● PROMPT
Every line between the one containing "2022 Topps Chrome" and the last line of the data, both included, is to be set down exactly, and pictures are to be omitted.

(DATA PROVIDED)

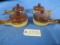 4 PC. COVERED SOUP BOWLS W/ HANDLES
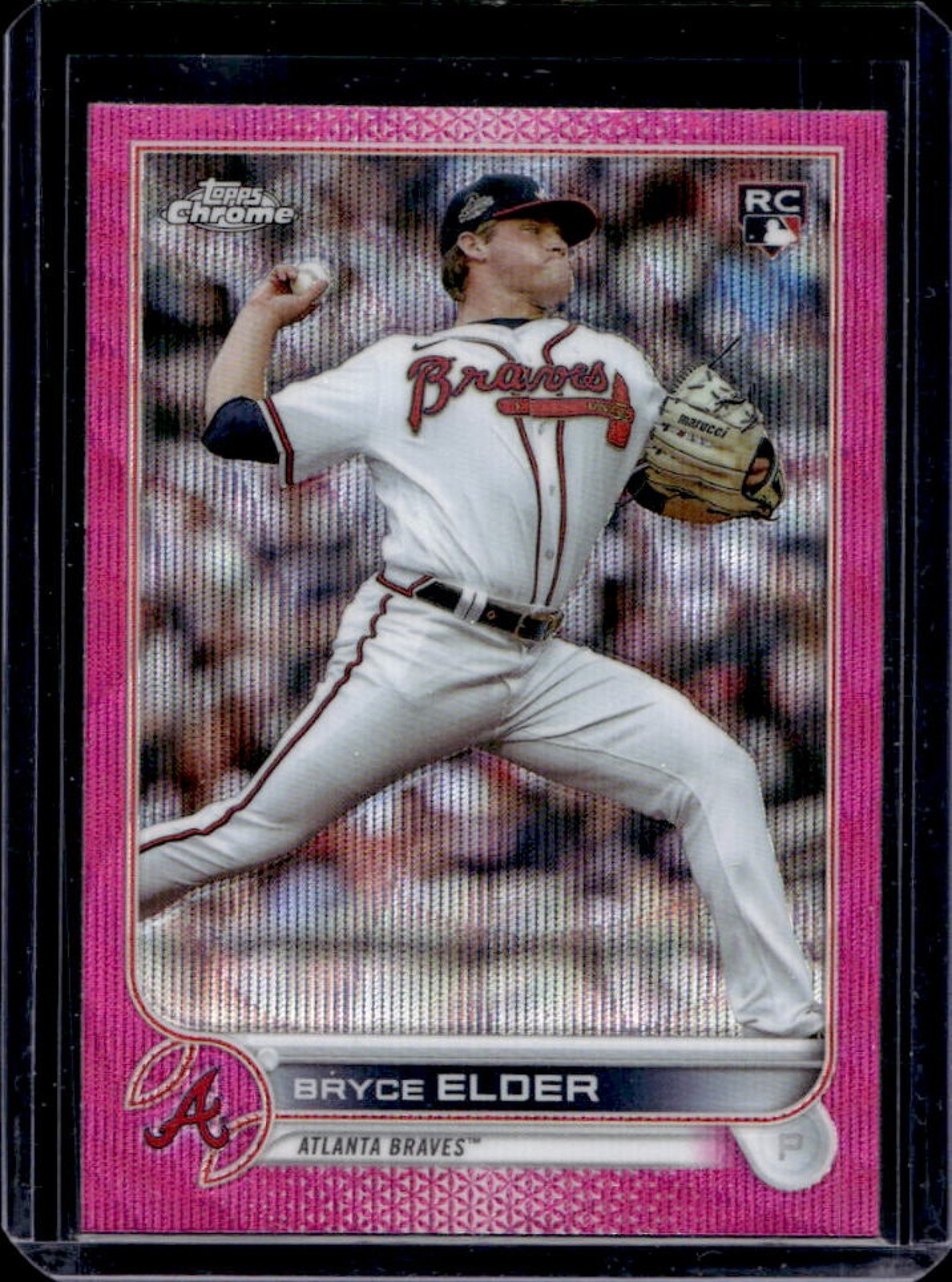 2022 Topps Chrome Update Bryce Elder RC Pink Wave Refractor Rookie #USC37 Braves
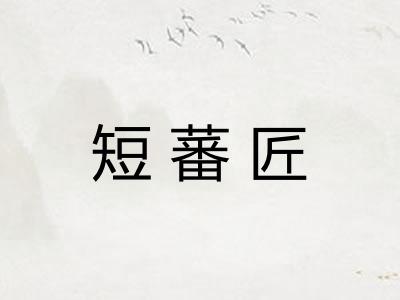 短蕃匠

(End DATA PROVIDED)

● REPLY TO THE EXERCISE
 2022 Topps Chrome Update Bryce Elder RC Pink Wave Refractor Rookie #USC37 Braves
 短蕃匠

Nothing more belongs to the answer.